§ WHAT IS BEING ASKED
In the records below, the lines from the one with "ネイル ハンドネイル ハンドケア Anh Nail 歌舞伎町のネイルデザイン" through the last are to be printed exactly, and nothing else.

Web page caption snippets:
-------------------------
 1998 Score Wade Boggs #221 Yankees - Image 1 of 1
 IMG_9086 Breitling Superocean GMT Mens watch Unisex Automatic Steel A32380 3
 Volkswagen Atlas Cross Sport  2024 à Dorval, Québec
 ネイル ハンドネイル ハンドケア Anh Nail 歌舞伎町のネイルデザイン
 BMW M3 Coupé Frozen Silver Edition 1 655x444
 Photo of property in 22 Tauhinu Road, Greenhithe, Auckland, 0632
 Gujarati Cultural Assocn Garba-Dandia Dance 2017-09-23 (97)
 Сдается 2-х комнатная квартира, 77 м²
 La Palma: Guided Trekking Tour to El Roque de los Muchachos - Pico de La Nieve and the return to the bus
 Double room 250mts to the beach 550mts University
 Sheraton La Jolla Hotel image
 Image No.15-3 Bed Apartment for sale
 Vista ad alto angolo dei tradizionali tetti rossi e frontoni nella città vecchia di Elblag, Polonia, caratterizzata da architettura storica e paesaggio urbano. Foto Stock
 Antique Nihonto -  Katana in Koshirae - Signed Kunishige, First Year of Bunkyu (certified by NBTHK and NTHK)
-------------------------
§ YOUR RESPONSE
 ネイル ハンドネイル ハンドケア Anh Nail 歌舞伎町のネイルデザイン
 BMW M3 Coupé Frozen Silver Edition 1 655x444
 Photo of property in 22 Tauhinu Road, Greenhithe, Auckland, 0632
 Gujarati Cultural Assocn Garba-Dandia Dance 2017-09-23 (97)
 Сдается 2-х комнатная квартира, 77 м²
 La Palma: Guided Trekking Tour to El Roque de los Muchachos - Pico de La Nieve and the return to the bus
 Double room 250mts to the beach 550mts University
 Sheraton La Jolla Hotel image
 Image No.15-3 Bed Apartment for sale
 Vista ad alto angolo dei tradizionali tetti rossi e frontoni nella città vecchia di Elblag, Polonia, caratterizzata da architettura storica e paesaggio urbano. Foto Stock
 Antique Nihonto -  Katana in Koshirae - Signed Kunishige, First Year of Bunkyu (certified by NBTHK and NTHK)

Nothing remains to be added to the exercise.